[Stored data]
►

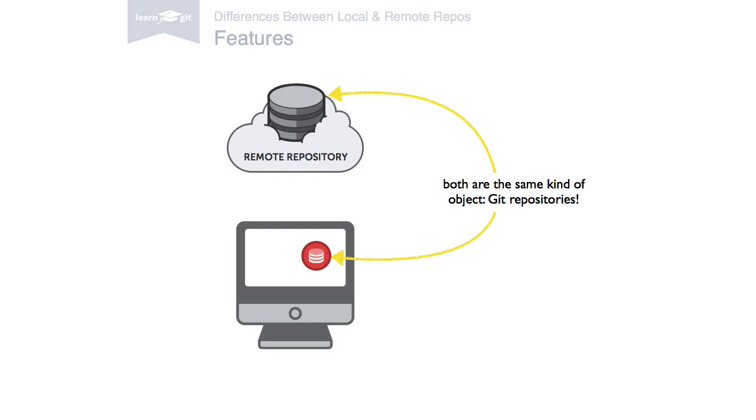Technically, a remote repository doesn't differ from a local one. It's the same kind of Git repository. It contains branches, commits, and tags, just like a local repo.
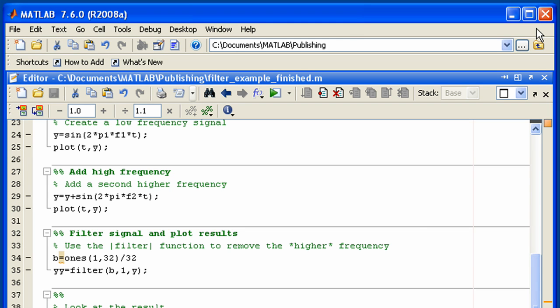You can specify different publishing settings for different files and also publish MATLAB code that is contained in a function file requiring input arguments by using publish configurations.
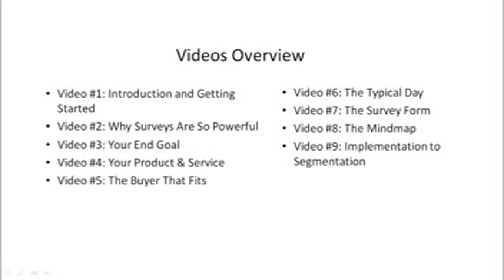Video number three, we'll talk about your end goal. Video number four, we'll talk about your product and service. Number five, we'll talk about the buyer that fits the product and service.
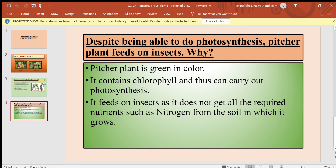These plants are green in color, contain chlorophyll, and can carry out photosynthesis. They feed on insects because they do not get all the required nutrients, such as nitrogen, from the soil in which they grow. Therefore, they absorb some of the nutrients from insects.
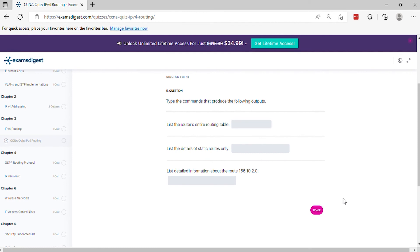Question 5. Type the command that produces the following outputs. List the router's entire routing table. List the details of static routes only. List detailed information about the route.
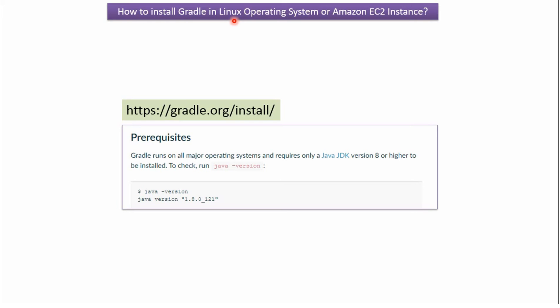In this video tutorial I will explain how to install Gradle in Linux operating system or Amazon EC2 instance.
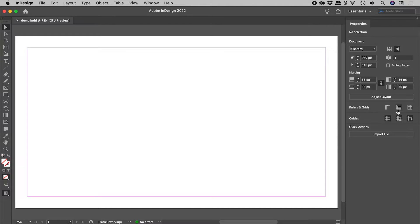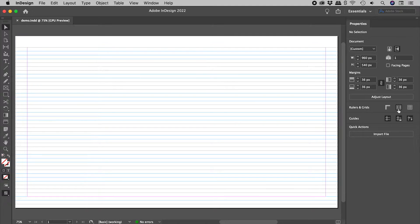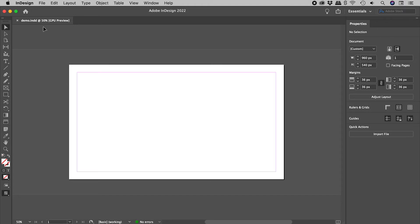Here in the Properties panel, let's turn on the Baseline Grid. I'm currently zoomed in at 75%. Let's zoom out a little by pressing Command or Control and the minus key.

◄

The line containing "Video number three, we'll" and all lines after it, through the last line of the records, should be returned exactly. Omit the pictures.

Video number three, we'll talk about your end goal. Video number four, we'll talk about your product and service. Number five, we'll talk about the buyer that fits the product and service.
These plants are green in color, contain chlorophyll, and can carry out photosynthesis. They feed on insects because they do not get all the required nutrients, such as nitrogen, from the soil in which they grow. Therefore, they absorb some of the nutrients from insects.
Question 5. Type the command that produces the following outputs. List the router's entire routing table. List the details of static routes only. List detailed information about the route.
In this video tutorial I will explain how to install Gradle in Linux operating system or Amazon EC2 instance.
Here in the Properties panel, let's turn on the Baseline Grid. I'm currently zoomed in at 75%. Let's zoom out a little by pressing Command or Control and the minus key.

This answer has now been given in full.